==== Data extract ====
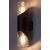 Подсветка стены Rabalux NOVIGRAD 2 Е27 L110 IP54 черный 7237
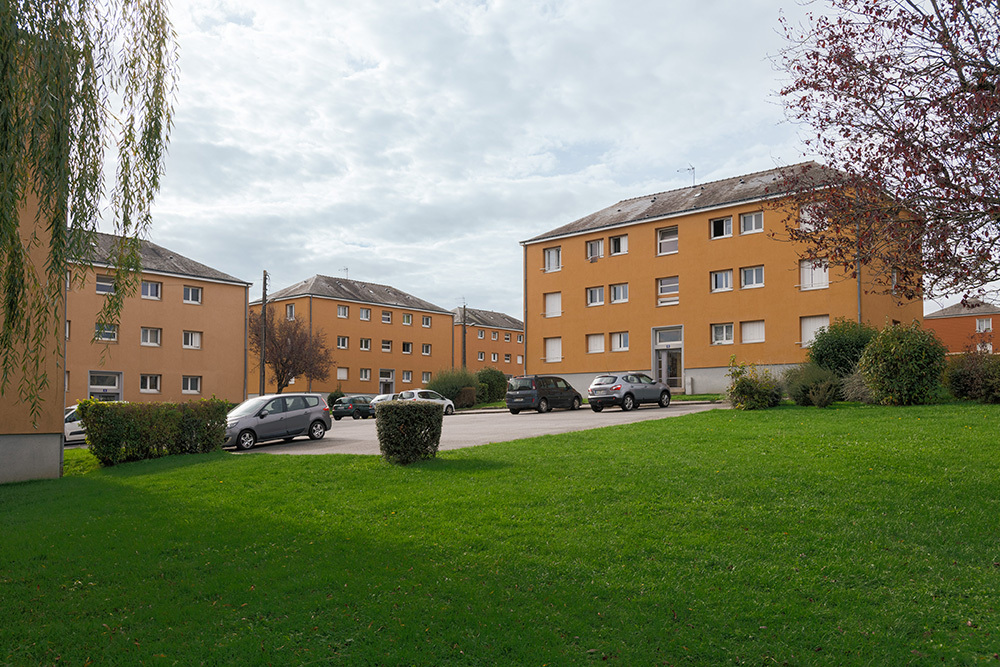 Appartement MAMERS T3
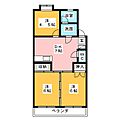東校グリンハイツ1階4.3万円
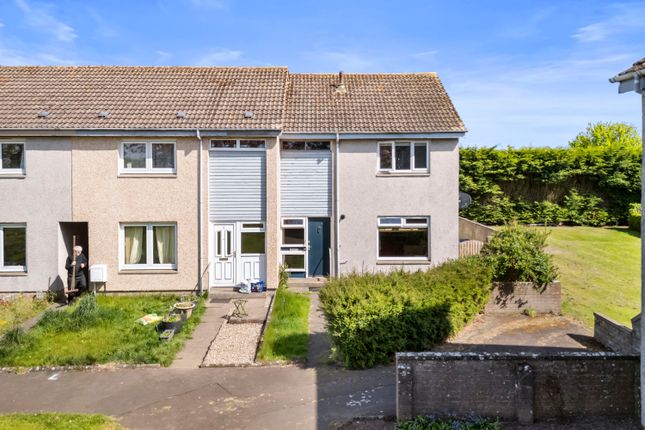 7 Bonfield Park, St Andrews, KY16 9SY 3 bed end of terrace house for sale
====
About this exercise – Starting with the line that holds "Appartement MAMERS T3", retype each line through the last one in the listing above, exactly as written. Do not copy any pictures.

Result below –
 Appartement MAMERS T3
東校グリンハイツ1階4.3万円
 7 Bonfield Park, St Andrews, KY16 9SY 3 bed end of terrace house for sale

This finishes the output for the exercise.